The longest and most exhausting hardware "project" I've ever embarked on is completed. I'm referring, of course, to the mission of inspecting every Commodore Amiga, PC-compatible, and PC-laptop for leaking or dead batteries, and replacing them.
The final computer to receive attention, out of the dozens and dozens, was this plain Jane Amiga 500 with an A501 memory expansion in its "belly". The A501 provides this computer with an addition 512k of memory, as well as a real-time battery-backed clock. However, that aforementioned battery was a leaky Ni-Cd barrel that needed cutting out and replacing, which I did.
All of the computers which required a battery replacement received ordinary lithium-ion "coin" batteries. This represented a trade-off. These batteries are not rechargeable, but they are easy to swap, since I always mounted a battery-holder for them, and they do not leak acids or bases over time, but simply fade into oblivion.
Safer computers was not the only thing I had to show for having done this project, however. Since these computers were coming down from high shelves in some cases, being tested, and often disassembled to get to the motherboards, I took pictures.
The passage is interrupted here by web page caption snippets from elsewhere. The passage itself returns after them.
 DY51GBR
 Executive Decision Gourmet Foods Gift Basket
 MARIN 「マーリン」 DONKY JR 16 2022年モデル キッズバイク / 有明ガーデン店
Lots and lots of pictures.
A few also required repair, such as the Amiga 600 in the above picture.
Others got their hard drives reformatted for a fresh install of Windows 3.1, for no reason at all. Such was the case for this Commodore Select Edition 286, with 80287 co-processor!
This Amiga 4000 /040 got a fresh install of AmigaOS 3.9. It deserved it.
But most of them I was just happy to see still kicking after all these years, such as this Commodore PC10-III, which was one of my first Commodore PCs. I remember using it for many years as a 64NET server for the 8-bits. Later it got PC-GEOS installed on it for productivity use.
It's good to know these computers will be safe and secure for years of new joys to come.